Why ask for 10 years experience? In short, you ask for 8 years of old knowledge, only the 2 latest are fresh knowledge on new techniques.

But on the other hand, experience is important in many cases, with much experience you have already done your share of errors and hopefully learned a lot by doing them and you have a large bag of useful tricks that can be a big benefit and time saver in a project.

So combine seniors and juniors in the project to have a perfect mix of experience and drive can be a good practice.

But you can put in the advert MOD Security Clearance is required since that is a requirement and anyone can theoretically get clearance?

You wouldn’t want to /require/ MOD Security Clearance as hardly anyone has it, and people can’t get it themselves (has to be appropriately sponsored). But, you can’t put no criminal record, nor can you put must have 5 years uk residency, to screen out people who aren’t going to pass the vetting.

If you are really interested in learning how to hire people, I would suggest learning about the field of Industrial Psychology, a large chunk of which is focused on how to recruit, select, hire and retain people. Hiring based on abilities (raw talent, so to speak) has been well-known in this field for decades. It’s when people try to hire based on their own personal pet theories about “what makes a good candidate” (especially when individual hiring managers do this) that you increase risk unnecessarily.

Loved this post. Hated your phone interview post!!!

I couldn’t agree more.

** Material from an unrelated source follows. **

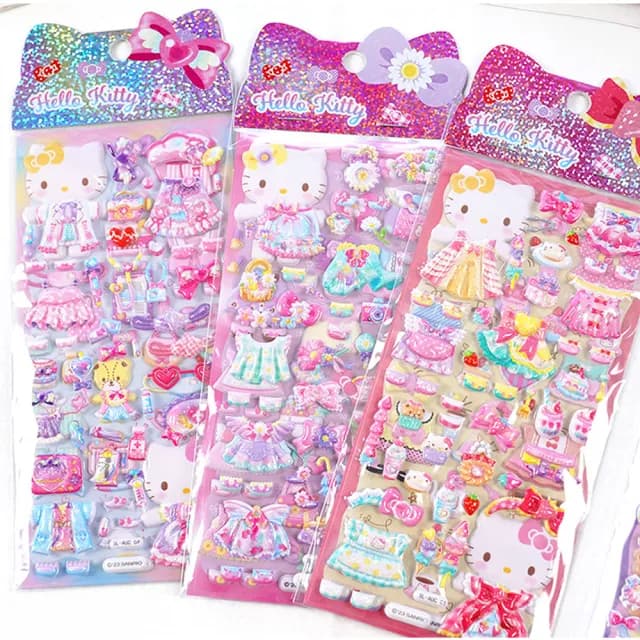【TDL】凱蒂貓HELLO KITTY立體泡泡貼紙雙層換裝泡棉貼紙玩具組隨機2入組 495873(生日禮物 聖誕節 平輸品)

I often laugh at job postings that say things like "8-10 years of .NET experience required."
I remember seeing one job posting “requiring” 5 years .NET experience in 2004.

How can they expect you to have experience in a technology from several years before its release?

I totally agree. Maybe software engineering is an art and us developers are artists (http://www.code-muse.com/blog/?p=20)… However, whatever metaphor you want to use for developing software (be it engineering, art, or rock climbing), the most simple way to put it is that it requires hard work. In the sense, that most of the time programming is a tough job requiring a fair amount of using your brain, and with a lot of passion, your mind is at its best.

You know, I have to say, part of this is up to the interviewee as well. Simply saying “I don’t know” when asked a question about a technology you aren’t familiar with is a great way to sink yourself. If a developer is looking for a particular tech that you don’t know, my strategy has always been to be up front, and say “I don’t know it off hand, but I can buy a book and learn it fairly quick.”

This happened to me during an interview for Relic. They wanted STL experience, but I told them straight up, I’m not directly familiar with the STL, but I can buy a book and learn it without significantly hindering my ability.

Not only did the interviews continue, but they eventually made me an offer (which, ironically, I refused).

But if you can reach a point where you are talking with a live person, if you know you can do the job, then there’s no reason you shouldn’t be able to talk yourself in to it.

Some people work for 5 years and gain 5 years of experience. Some people work for the same 5 years and gain 1 year of experience 5 times.